Combien de temps aura duré ce projet ?

Trois ans et demi au total. Cela a été un vrai travail de titan.

Pourquoi ?

Nous n’avions comme seule base d’information disponible quelques rares archives et très peu de photos de la montre, qui ne détaille pas les complications du mécanisme. Les horlogers de Breguet ont effectué une véritable prouesse pour recréer une copie parfaitement conforme à l’originale. C’est la preuve de leur immense talent. Ils sont même parvenus lors de leurs recherches à découvrir une complication qui n’avait jusqu’ici pas été répertoriée dans la Marie Antoinette.

Laquelle ?

Les heures sautantes. Encore une invention de Breguet !

Il y a quelques mois, la rumeur affirmait que la montre originale de Marie Antoinette avait enfin été retrouvée à Jérusalem. Avez-vous pu l’authentifier ?

C’est une histoire incroyable ! En janvier 2007, j’ai été contacté par un antiquaire qui prétendait l’avoir récupérée par hasard. J’ai souhaité la voir, et nous avons parlementé pendant plusieurs semaines pour que je puisse l’authentifier. Mais le musée de Jérusalem a, entre-temps, récupéré la pièce qui est aujourd’hui enfermée dans l’un de ses coffres.

Vous ne savez donc pas s’il s’agit de la véritable Marie Antoinette ?

Malheureusement non. On me demande de verser une somme conséquente pour avoir le droit de la regarder. Je ne suis pas d’accord. Toutefois, avant d’être déposée dans les coffres du musée, la montre a été montrée à quelques journalistes qui ont pu prendre des photos avec leur téléphone portable. Ils me les ont envoyées. Malgré la mauvaise qualité des photos, j’ai le sentiment qu’il s’agit bien de la pièce authentique.

Mais désormais, vous avez votre propre Marie Antoinette…

Oui, mais je ne peux m’empêcher de trouver cette situation vraiment regrettable. Il s’agit du patrimoine de Breguet.

Combien vaut aujourd’hui la Marie Antoinette ?

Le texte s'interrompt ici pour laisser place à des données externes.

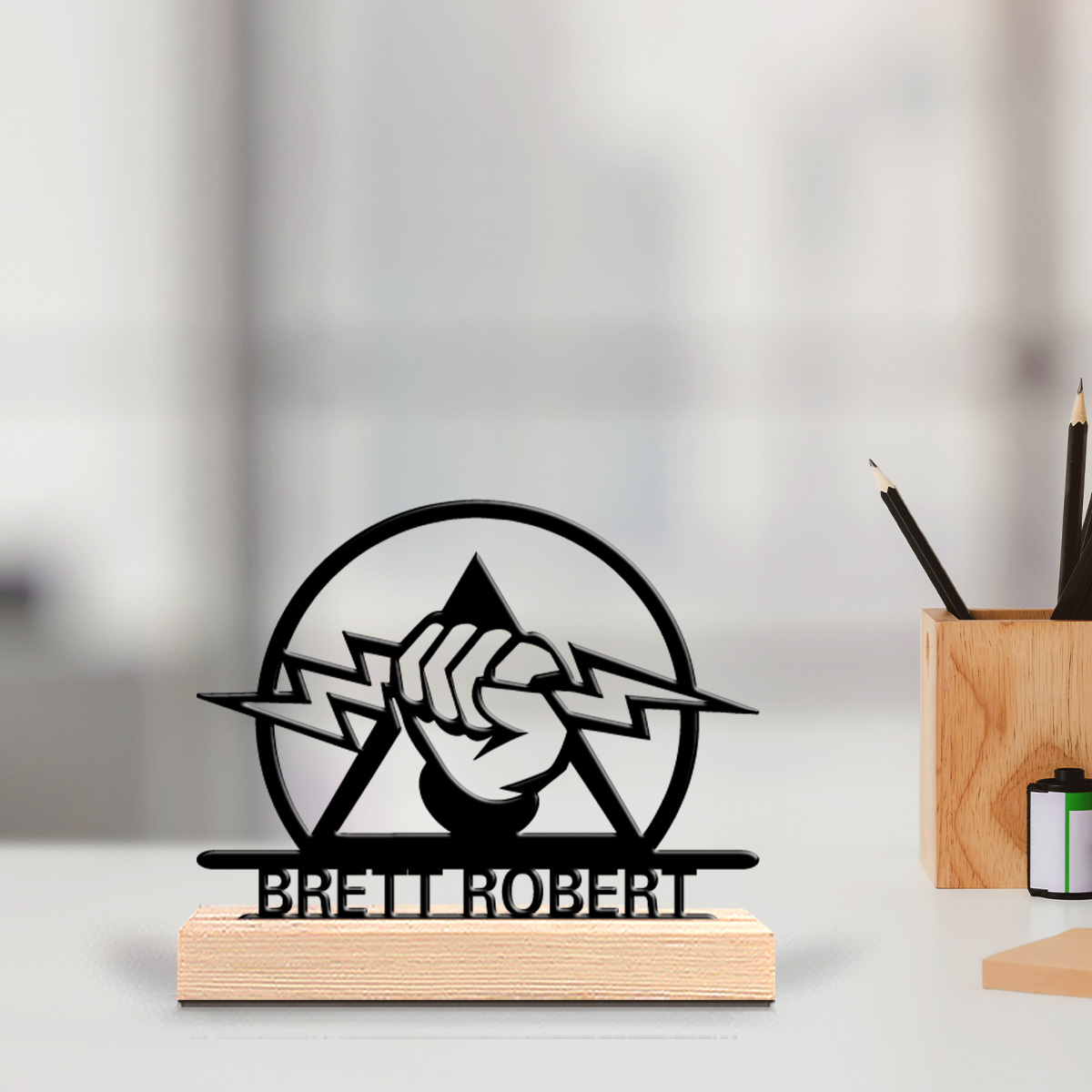 Office Tech Gifts - ป้ายโลหะสลักลายตามสั่งสำหรับวิศวกรไฟฟ้า ฐานไม้ ลายวงจรไฟฟ้า ของตกแต่งสำนักงาน ของขวัญสำหรับวิศวกร ผู้ที่ชื่นชอบเทคโนโลยี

Elle est inestimable. Il est impossible pour l’heure d’établir un chiffre réaliste. Mais un jour, je ferai estimer la pièce que nous avons recréée. Pour l’heure, je me contente de l’admirer !

HOMMAGE À LA REINE

Marie Antoinette était une véritable admiratrice de Breguet. « A tel point, explique Nicolas G. Hayek, qu’en montant sur l’échafaud, la Reine tenait dans sa main une montre faite par l’horloger ». Autant dire que le choix d’utiliser le bois de l’arbre préféré de la Reine à Versailles pour en faire l’écrin de la réplique est un ultime hommage de Nicolas G. Hayek. Au total, 3500 pièces sculptées dans le bois du chêne royal constituent le coffre du chef-d’œuvre. L’extérieur reproduit fidèlement le parquet du Petit Trianon. L’ouverture de la boîte dévoile un deuxième écrin, plus petit, dont le dessus prend des airs de tableaux de maîtres. Il s’agit en réalité d’une marqueterie artisanale constituée de plus de mille fragments de bois qui dessinent la main de Marie Antoinette tenant sa rose. Un détail inspiré du célèbre portrait de la Reine. Au cœur, l’œuvre d’art elle-même impose tant par sa taille que sa myriade de complications. Sans oublier son passé si emblématique de la culture française du 18e siècle. Sublime.